DCT - Discrete Cosine Transform
2023-03-23
Introduction
The Discrete Cosine Transform (DCT for short) is a part of many lossy compression formats. It is a reversible transformation between sample values (e.g. pixel data) and DCT coefficients. Bits can be discarded from the DCT coefficients while still allowing the reconstruction of data that is perceptually similar to the original input. The discrete cosine transform is used in many image, video, and audio compression formats, including JPEG, MPEG, and MP3. This article describes how the discrete cosine transform works, using image data as an example.
Overview
The Discrete Cosine Transform (DCT for short) transforms a signal from the time domain to the frequency domain. In other words, its input is a series of values taken at regular time intervals, and its output is a series of coefficients that represent how well the input correlates with cosine waves at different frequencies. When working with images, instead of time, we use pixel coordinates, but the calculations are the same.

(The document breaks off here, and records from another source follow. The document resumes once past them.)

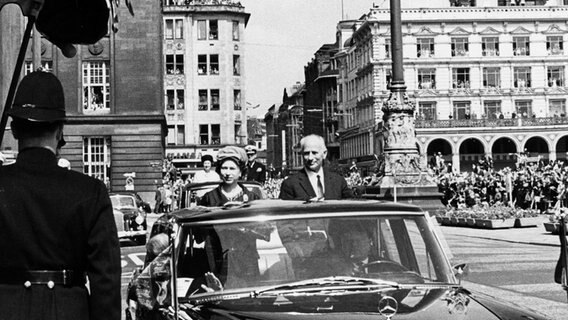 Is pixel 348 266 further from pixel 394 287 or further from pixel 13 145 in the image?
pixel 13 145

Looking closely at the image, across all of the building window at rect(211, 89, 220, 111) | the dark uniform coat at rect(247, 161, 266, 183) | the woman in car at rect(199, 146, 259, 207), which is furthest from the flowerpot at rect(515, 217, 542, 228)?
the building window at rect(211, 89, 220, 111)

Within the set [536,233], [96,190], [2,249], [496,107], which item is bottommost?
[536,233]

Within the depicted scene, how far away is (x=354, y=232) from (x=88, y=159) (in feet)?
161

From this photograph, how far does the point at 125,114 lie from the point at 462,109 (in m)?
51.2

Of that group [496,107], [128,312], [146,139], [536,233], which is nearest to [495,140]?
[496,107]

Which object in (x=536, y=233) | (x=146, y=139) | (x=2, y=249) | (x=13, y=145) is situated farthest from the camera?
(x=146, y=139)

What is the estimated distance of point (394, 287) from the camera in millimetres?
5379

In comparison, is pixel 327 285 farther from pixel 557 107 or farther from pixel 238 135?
pixel 557 107

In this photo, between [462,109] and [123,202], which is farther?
[462,109]

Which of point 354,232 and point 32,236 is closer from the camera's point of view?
point 32,236

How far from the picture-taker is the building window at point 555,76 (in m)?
95.5

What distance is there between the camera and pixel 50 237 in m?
A: 4.00

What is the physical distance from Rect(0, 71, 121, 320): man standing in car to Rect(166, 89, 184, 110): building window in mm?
83273

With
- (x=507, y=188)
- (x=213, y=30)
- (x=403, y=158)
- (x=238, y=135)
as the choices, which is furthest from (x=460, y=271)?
(x=213, y=30) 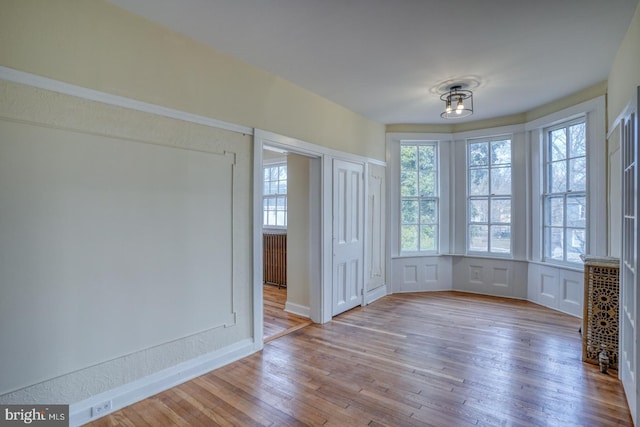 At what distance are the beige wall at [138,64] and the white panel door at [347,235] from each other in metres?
0.97

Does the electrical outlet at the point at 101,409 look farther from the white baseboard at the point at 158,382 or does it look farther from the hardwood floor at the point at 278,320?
the hardwood floor at the point at 278,320

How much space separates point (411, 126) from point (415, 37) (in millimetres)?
2853

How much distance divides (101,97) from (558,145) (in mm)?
5244

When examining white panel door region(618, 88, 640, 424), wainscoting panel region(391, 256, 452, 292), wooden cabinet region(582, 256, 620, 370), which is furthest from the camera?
wainscoting panel region(391, 256, 452, 292)

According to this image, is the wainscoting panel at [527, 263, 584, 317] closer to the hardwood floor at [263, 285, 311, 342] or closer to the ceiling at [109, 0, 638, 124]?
the ceiling at [109, 0, 638, 124]

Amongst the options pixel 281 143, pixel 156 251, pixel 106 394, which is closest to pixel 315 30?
pixel 281 143

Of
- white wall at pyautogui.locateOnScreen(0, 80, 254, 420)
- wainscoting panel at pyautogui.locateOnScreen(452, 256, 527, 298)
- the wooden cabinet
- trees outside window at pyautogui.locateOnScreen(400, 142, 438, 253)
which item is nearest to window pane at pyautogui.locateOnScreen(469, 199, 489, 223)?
trees outside window at pyautogui.locateOnScreen(400, 142, 438, 253)

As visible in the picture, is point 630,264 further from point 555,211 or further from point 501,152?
point 501,152

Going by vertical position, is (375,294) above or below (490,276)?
below

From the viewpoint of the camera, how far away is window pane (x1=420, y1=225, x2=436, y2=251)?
5465mm

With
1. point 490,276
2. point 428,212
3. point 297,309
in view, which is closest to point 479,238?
point 490,276

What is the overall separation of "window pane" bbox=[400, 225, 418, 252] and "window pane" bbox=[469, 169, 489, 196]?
1100 millimetres

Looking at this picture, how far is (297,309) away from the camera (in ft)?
14.1

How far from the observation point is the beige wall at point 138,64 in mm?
1874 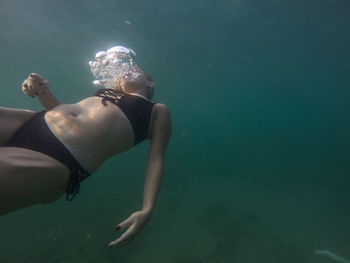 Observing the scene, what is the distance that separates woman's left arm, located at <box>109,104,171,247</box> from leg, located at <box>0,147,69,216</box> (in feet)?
2.24

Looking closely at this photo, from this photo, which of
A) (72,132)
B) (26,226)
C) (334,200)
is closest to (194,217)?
(26,226)

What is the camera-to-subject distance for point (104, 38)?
20859mm

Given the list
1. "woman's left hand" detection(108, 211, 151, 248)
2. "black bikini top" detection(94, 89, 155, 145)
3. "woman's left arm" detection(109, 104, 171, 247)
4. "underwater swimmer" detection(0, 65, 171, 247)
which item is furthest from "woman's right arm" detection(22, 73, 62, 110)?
"woman's left hand" detection(108, 211, 151, 248)

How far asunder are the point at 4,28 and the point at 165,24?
13.4m

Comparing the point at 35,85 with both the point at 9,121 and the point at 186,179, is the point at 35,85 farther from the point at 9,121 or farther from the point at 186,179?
the point at 186,179

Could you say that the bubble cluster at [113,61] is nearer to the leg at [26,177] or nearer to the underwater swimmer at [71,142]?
the underwater swimmer at [71,142]

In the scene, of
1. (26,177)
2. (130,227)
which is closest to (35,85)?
(26,177)

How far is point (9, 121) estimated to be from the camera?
2062 mm

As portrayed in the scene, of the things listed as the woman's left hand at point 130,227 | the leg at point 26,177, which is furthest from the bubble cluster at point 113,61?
the woman's left hand at point 130,227

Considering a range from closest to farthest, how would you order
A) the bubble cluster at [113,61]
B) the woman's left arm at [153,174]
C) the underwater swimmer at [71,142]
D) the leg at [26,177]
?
the leg at [26,177] → the underwater swimmer at [71,142] → the woman's left arm at [153,174] → the bubble cluster at [113,61]

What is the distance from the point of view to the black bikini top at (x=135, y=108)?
2445mm

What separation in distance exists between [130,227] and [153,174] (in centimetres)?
63

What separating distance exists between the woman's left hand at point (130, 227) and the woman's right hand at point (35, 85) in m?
1.84

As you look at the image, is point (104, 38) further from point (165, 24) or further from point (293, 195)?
point (293, 195) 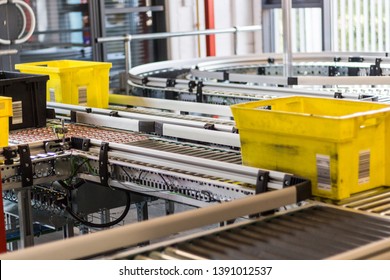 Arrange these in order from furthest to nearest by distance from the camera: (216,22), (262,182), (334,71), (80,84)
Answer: (216,22) < (334,71) < (80,84) < (262,182)

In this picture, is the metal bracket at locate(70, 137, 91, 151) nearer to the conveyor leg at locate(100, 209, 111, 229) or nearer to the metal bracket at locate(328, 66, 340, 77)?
the conveyor leg at locate(100, 209, 111, 229)

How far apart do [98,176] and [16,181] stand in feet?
1.11

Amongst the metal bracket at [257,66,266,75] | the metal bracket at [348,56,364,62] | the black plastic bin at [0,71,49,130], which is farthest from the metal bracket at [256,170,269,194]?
the metal bracket at [257,66,266,75]

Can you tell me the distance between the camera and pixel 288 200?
2424 mm

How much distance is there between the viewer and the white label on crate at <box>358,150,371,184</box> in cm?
262

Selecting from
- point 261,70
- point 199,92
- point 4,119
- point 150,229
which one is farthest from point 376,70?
point 150,229

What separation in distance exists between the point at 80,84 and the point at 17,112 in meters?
0.72

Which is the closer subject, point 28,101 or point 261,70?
point 28,101

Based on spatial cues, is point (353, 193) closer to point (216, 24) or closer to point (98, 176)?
point (98, 176)

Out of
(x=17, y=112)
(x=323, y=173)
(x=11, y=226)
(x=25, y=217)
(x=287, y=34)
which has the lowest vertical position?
(x=11, y=226)

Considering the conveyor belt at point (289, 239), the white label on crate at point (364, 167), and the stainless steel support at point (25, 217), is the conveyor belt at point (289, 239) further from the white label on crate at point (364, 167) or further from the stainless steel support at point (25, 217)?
the stainless steel support at point (25, 217)

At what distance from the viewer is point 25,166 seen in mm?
3188

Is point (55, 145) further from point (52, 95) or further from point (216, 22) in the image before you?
point (216, 22)

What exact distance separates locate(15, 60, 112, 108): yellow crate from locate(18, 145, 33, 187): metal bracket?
1.32 m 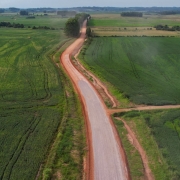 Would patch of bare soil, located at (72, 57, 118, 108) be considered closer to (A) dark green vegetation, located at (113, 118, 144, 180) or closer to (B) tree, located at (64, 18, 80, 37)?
(A) dark green vegetation, located at (113, 118, 144, 180)

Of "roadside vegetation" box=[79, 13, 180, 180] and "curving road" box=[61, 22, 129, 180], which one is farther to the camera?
"roadside vegetation" box=[79, 13, 180, 180]

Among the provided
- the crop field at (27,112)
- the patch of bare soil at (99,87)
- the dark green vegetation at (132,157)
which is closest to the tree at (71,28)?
the crop field at (27,112)

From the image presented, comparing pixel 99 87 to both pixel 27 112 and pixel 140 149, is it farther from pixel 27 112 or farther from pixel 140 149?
pixel 140 149

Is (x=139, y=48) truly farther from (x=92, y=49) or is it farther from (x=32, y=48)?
(x=32, y=48)

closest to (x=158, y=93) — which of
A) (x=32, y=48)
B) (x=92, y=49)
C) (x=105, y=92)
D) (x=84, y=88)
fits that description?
(x=105, y=92)

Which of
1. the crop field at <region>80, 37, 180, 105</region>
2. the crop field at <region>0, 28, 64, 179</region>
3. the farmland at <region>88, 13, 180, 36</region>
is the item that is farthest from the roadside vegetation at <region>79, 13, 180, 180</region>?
the farmland at <region>88, 13, 180, 36</region> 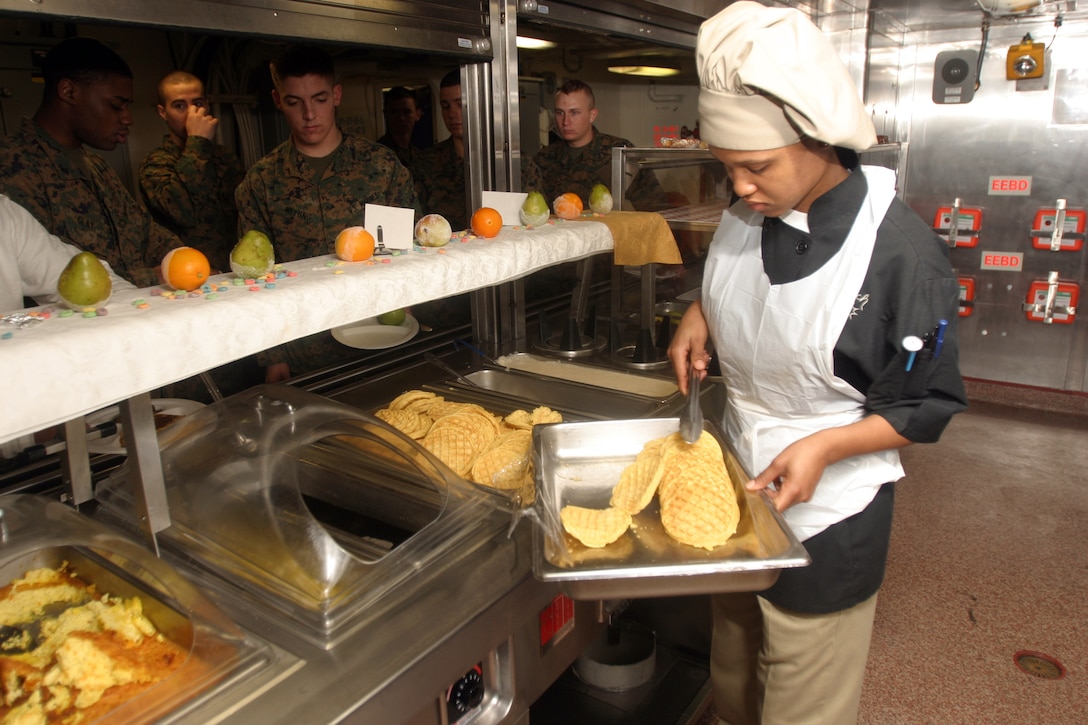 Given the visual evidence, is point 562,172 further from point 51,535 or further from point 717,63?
point 51,535

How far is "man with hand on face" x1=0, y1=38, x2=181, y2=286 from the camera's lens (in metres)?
2.37

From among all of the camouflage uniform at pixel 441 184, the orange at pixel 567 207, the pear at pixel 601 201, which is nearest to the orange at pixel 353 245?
the orange at pixel 567 207

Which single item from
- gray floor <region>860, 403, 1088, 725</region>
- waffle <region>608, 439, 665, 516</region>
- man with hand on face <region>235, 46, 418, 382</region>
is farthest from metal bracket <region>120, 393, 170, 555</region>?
gray floor <region>860, 403, 1088, 725</region>

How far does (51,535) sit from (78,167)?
178cm

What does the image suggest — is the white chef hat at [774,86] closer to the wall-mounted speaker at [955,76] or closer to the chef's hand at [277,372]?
the chef's hand at [277,372]

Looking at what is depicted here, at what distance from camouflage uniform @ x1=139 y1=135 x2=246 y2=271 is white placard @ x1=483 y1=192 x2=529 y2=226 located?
2.25 meters

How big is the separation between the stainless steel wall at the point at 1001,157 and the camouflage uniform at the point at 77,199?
401cm

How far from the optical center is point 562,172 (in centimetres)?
389

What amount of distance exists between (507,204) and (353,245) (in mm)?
597

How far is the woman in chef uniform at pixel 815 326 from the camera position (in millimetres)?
1069

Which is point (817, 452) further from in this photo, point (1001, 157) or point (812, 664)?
point (1001, 157)

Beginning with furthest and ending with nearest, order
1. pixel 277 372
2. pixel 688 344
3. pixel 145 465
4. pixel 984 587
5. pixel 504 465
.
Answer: pixel 984 587, pixel 277 372, pixel 688 344, pixel 504 465, pixel 145 465

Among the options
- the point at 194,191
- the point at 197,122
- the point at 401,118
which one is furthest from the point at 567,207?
the point at 401,118

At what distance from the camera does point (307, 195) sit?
2.61m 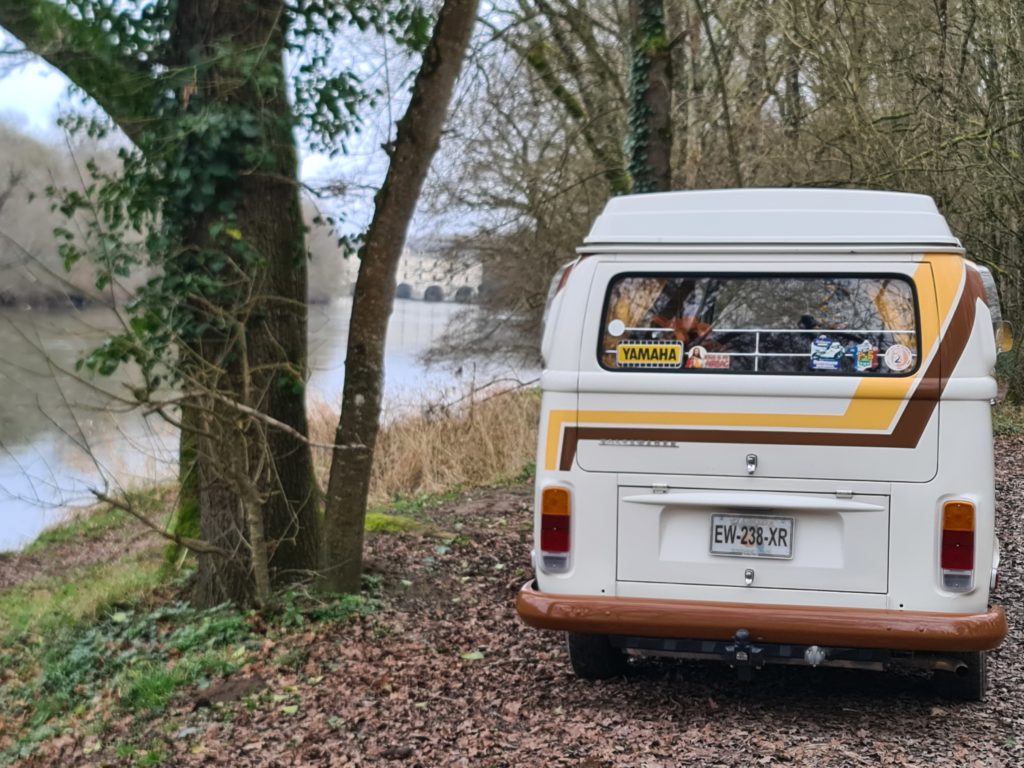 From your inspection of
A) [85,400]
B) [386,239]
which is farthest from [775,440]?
[85,400]

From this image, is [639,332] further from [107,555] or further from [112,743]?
[107,555]

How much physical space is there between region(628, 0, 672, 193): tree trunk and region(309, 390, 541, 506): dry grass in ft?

The DCT itself is fully reversible (meaning the original image can be recovered exactly), but the transform lends itself especially well to lossy compression. Getting the DCT coefficients slightly wrong results in an image that still looks like the original, and the DCT tends to produce many coefficients that are close to zero. Storing coefficients in fewer bits than an exact representation would require and/or omitting the zero coefficients can result in great space savings. The major downside to the DCT is that lossy compression tends to result in ringing artifacts, where sharp edges in the image are surrounded by pixels that are far from their correct values.
Technical Details
The way the DCT transforms a signal from the time domain to the frequency domain is by multiplying the value at each point in time by a value of the cosine function at a related point in time, and summing the results. This produces a single value. We then repeat the process a number of times, each with a larger step size for the cosine function (cycling through the values of the cosine function faster). For n input values, we produce n output values.
The cosine values we use are given by cos(π * i / n * (t + ½)), where i denotes the number of the output value we are producing, t denotes time (or pixel coordinate, in case of images), and n denotes the number of samples we will be using. The image on the right shows what the cosine curves look like for n=4. We only use the circled values at t=0,1,2,3. Some observations about the curves and values:
- The curve for i=0 is a horizontal line at value 1.
- For i=1, the values are positive on the left and negative on the right.
- For i=2, the values are positive at the edges and negative in the middle.
- For i=3, the value is strongly negative at t=1 and strongly positive at t=2.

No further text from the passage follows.